What the task asks:
Transcribe word for word the lines below from the line with "Chrysler 200" through the line with "2016 Toyota Tundra", ends included.

Data:

Start of Block

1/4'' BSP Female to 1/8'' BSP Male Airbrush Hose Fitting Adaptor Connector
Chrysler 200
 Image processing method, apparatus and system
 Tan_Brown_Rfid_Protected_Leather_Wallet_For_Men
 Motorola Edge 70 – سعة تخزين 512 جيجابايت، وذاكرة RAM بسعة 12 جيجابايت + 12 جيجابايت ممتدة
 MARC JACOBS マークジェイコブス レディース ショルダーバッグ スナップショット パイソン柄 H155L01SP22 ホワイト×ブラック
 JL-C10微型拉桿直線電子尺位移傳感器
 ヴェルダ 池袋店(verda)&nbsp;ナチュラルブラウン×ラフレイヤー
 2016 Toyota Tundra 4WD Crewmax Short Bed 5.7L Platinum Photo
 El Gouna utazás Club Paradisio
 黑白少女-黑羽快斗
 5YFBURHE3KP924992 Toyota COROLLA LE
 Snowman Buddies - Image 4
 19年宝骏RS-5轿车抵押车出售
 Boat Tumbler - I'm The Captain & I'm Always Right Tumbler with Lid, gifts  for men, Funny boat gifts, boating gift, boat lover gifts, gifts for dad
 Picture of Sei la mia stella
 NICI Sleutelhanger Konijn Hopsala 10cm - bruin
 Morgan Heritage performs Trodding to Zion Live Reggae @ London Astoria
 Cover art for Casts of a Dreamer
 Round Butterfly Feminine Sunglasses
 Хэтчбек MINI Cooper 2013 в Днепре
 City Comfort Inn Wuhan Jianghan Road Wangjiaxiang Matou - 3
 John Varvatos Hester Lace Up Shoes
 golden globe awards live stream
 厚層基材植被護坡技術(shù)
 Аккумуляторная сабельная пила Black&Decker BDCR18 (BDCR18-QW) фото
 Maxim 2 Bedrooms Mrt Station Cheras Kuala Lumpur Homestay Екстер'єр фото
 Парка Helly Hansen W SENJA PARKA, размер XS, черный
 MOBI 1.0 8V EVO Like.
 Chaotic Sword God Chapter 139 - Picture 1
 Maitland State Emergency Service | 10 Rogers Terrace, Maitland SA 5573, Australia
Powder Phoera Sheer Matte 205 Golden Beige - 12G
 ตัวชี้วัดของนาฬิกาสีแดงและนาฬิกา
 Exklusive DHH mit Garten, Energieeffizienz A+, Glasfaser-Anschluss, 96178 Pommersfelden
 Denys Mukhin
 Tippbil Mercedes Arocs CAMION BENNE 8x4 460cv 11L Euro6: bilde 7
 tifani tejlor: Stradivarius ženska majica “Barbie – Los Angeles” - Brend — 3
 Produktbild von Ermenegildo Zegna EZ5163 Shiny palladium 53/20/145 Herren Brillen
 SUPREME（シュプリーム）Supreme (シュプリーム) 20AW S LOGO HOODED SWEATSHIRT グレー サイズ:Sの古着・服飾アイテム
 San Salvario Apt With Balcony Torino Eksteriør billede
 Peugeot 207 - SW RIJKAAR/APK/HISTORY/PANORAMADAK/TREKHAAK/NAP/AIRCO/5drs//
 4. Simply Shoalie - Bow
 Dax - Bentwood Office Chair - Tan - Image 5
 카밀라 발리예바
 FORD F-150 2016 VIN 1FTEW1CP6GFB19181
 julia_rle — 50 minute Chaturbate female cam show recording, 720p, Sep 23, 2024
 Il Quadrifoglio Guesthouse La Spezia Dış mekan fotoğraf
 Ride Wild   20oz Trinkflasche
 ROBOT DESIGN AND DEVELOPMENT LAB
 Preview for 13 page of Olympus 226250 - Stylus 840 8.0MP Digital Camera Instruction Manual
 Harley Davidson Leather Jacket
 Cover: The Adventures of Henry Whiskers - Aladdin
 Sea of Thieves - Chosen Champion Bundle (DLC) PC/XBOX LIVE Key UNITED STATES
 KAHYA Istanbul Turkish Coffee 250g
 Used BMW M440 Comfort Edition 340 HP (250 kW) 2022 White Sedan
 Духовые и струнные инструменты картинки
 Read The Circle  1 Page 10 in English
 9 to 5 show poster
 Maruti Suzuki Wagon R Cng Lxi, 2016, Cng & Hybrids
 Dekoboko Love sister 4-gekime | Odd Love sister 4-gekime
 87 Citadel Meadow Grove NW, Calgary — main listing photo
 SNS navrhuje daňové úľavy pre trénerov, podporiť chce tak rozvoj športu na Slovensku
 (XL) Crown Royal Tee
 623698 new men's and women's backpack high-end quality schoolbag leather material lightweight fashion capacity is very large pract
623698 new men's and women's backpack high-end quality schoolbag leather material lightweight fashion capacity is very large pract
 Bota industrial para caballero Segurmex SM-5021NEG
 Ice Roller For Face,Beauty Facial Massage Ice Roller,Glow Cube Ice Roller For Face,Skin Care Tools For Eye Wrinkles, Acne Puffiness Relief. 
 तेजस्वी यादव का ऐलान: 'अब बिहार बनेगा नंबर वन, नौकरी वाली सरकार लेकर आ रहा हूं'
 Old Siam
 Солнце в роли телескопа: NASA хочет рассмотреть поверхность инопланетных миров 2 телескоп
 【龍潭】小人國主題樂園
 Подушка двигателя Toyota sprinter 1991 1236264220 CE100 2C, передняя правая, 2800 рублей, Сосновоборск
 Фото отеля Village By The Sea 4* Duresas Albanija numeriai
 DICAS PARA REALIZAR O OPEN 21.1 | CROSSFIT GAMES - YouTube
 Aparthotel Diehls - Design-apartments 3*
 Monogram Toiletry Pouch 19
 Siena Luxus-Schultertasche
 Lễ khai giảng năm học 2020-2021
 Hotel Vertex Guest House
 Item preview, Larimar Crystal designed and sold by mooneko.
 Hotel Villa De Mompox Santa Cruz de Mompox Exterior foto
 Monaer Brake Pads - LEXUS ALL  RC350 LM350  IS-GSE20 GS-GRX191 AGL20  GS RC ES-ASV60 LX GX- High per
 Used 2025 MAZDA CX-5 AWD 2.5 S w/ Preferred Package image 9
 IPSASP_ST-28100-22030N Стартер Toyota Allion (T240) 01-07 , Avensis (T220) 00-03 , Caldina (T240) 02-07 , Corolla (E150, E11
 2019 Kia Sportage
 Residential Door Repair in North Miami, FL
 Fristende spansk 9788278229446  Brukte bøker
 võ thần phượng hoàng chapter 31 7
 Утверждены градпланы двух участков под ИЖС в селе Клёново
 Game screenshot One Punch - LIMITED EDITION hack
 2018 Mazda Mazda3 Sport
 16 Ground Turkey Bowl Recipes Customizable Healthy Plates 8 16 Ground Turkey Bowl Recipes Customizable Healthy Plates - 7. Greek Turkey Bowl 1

End of Block

Written solution:
Chrysler 200
 Image processing method, apparatus and system
 Tan_Brown_Rfid_Protected_Leather_Wallet_For_Men
 Motorola Edge 70 – سعة تخزين 512 جيجابايت، وذاكرة RAM بسعة 12 جيجابايت + 12 جيجابايت ممتدة
 MARC JACOBS マークジェイコブス レディース ショルダーバッグ スナップショット パイソン柄 H155L01SP22 ホワイト×ブラック
 JL-C10微型拉桿直線電子尺位移傳感器
 ヴェルダ 池袋店(verda)&nbsp;ナチュラルブラウン×ラフレイヤー
 2016 Toyota Tundra 4WD Crewmax Short Bed 5.7L Platinum Photo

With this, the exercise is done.